The issue is not with the RCS standard. But, what is really putting users at risk is the implementation of the RCS messaging by the carriers. Since many of the RCS standards are undefined, companies deploy their own way of implementation and this increases the chance of things going wrong.
Many carriers use smartphone owners’ IP address for identification and based on this, provide the corresponding configuration file. However, as per the research firm, any app on a user’s phone can access this file, and it needs no extra permission for that.
This means any app could sneak on your login credentials for all the text messages and voice calls. Moreover, they could easily track a user’s location and know if they are online.
Karsten Nohl from SRLabs said:
I’m surprised that large companies, like Vodafone, introduce a technology that exposes literally hundreds of millions of people, without asking them, without telling them
Another loophole in the implementation of the RCS is when the carrier sends RCS users a six-digit verification code. According to the researchers, any hacker could gain access to the security code using brute force attacks. And, it won’t take more than five minutes for a hacker to get access to a user’s RCS profile.
This means hackers can take over user accounts as RCS does not do sufficient validation of user identify, domains, and certificates. Because of this, a hacker can bypass the domain name, and could even spoof caller ID to pretend to be someone else.
Moreover, the vulnerability could even allow hackers to know a one-time password that is sent via SMS. This would allow hackers to carry unauthorized bank transactions, or even take control of the user’s account. Nohl said:
All of these mistakes from the 90s are being reinvented, reintroduced
They further added:
It is being rolled out for upwards of a billion people already who are all affected by this.

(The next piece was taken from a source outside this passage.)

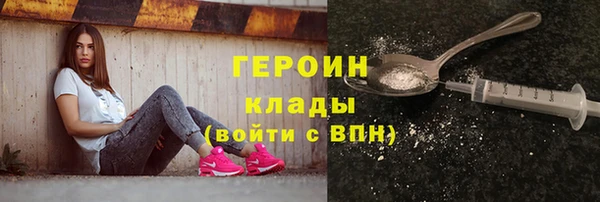 герыч Белокуриха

Though it seems to be a major security threat, for now, there is no evidence that hackers have done any such thing. Hopefully, researchers would reveal more information when they talk about the findings at the Black Hat Europe conference in December.
A good thing is that the carriers are aware of this. So, we can expect the issue to be resolved very soon, but that does not mean the users who are already using RCS are safe. Google’s RCS has already been enabled by about 100 carriers in the US and Europe.
SRLabs did not reveal the name of the carriers with faulty RCS implementations. So, it is possible that the hackers may exploit the vulnerability until carriers roll out the fix. Until then, users are certainly not safe.
According to SRLabs, these vulnerabilities can be patched. The researchers have also provided a few suggestions, such as using strong one-time password codes and taking information from the SIM card to verify the user.
Several carriers told Motherboard that they are aware of the findings by SRLabs, and are reviewing it. Vodafone said that they already have many protections in place for RCS, and that it would review the new findings, and would take actions if needed.
We will review these protections in light of the research and, if required, take any further protective measures
If RCS messaging service aims to compete with Apple’s iMessage, then it is very important that all such vulnerabilities are patched quickly. Smartphone owners would only use RCS freely if they have trust in the service that their data and information is safe.
What can you do until the vulnerabilities are patched?
Since SRLabs has not revealed the name of the carriers with unsafe RCS, there is no way of knowing who could be at risk. There might not be any evidence that hackers have actually exploited these vulnerabilities, still to be on the safe side, all you can do is disable RCS until the fix is rolled.